Très tôt dans l’Histoire, la question du choix d’un méridien a été posée. Pour se repérer dans l’espace à la surface du globe, nous n’avons besoin que de deux nombres : la latitude et la longitude. La latitude utilise comme ligne de référence l’équateur, cercle imaginaire qui sépare naturellement la Terre en deux hémisphères. La longitude utilise aussi un cercle imaginaire mais il passe par les pôles géographiques de la Terre. Or, il existe une infinité de cercles passant par les pôles. Comment déterminer celui qui sera le meilleur pour nous repérer?

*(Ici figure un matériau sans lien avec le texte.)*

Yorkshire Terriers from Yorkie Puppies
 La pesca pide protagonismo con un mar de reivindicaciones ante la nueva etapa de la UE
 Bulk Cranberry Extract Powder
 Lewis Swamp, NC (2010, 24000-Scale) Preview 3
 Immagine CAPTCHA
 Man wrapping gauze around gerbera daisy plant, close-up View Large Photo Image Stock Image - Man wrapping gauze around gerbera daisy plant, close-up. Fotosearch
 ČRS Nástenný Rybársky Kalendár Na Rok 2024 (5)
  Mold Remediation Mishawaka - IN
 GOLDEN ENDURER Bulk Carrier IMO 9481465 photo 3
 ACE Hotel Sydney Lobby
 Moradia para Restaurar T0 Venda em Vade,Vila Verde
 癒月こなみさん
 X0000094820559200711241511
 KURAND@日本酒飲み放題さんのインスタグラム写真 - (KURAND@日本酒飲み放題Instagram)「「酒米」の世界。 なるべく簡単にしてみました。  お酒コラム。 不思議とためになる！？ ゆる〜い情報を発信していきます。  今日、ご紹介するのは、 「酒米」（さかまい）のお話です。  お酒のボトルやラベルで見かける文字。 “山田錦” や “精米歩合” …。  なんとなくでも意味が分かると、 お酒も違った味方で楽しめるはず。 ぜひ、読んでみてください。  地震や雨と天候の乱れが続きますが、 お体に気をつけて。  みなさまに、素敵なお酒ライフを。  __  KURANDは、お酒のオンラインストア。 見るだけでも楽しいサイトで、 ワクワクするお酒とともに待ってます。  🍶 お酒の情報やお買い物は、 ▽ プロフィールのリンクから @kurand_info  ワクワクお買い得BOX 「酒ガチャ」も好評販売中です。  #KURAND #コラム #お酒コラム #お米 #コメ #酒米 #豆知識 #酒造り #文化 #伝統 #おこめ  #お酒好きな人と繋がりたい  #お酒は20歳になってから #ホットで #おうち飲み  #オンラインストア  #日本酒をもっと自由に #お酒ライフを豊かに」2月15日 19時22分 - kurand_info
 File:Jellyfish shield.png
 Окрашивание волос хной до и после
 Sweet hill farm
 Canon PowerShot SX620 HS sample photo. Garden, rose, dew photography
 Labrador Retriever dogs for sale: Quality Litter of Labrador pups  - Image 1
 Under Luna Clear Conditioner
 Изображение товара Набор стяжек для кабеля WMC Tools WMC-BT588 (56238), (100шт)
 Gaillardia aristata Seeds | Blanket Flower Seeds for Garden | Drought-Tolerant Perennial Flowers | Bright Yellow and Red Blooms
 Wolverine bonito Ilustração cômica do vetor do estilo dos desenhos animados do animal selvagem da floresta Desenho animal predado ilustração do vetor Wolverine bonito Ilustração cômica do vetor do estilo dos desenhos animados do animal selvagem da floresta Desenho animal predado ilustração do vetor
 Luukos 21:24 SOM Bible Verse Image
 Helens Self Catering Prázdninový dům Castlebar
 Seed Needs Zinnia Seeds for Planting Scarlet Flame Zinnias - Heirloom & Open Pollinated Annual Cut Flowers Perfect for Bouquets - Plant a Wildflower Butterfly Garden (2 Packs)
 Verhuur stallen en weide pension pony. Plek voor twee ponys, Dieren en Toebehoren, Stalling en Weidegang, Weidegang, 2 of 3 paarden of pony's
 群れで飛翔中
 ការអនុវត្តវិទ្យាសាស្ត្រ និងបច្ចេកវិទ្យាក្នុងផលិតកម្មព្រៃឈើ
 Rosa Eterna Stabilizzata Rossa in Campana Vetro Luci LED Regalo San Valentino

Marin de Tyr [2], géographe du 1er siècle, avait pris pour point de départ des longitudes l’extrémité Ouest du monde connu à l’époque : les îles Fortunées. Ces îles étaient situées au large de l’Afrique. Elles avaient des terres abondantes et ses habitants étaient libres de tout travail. Le problème était que l’on ne savait pas exactement où étaient ces îles (et on ne le sait toujours pas), ce qui compromettait l’entreprise des premiers géographes. Au Moyen-Âge, ce sont des considérations politiques ou religieuses et non scientifiques qui ont dicté aux Hommes où placer le méridien. Chaque pays édifie sa capitale comme centre du monde où passe le méridien initial et la confusion est totale. Ce n’est véritablement qu’au début du 17ème siècle qu’un méridien commun fait consensus et on le doit à Richelieu.

Carte d'Europe dressée en 1759 basée sur le méridien d'El Hierro.
Carte d’Europe dressée en 1759 basée sur le méridien d’El Hierro [3].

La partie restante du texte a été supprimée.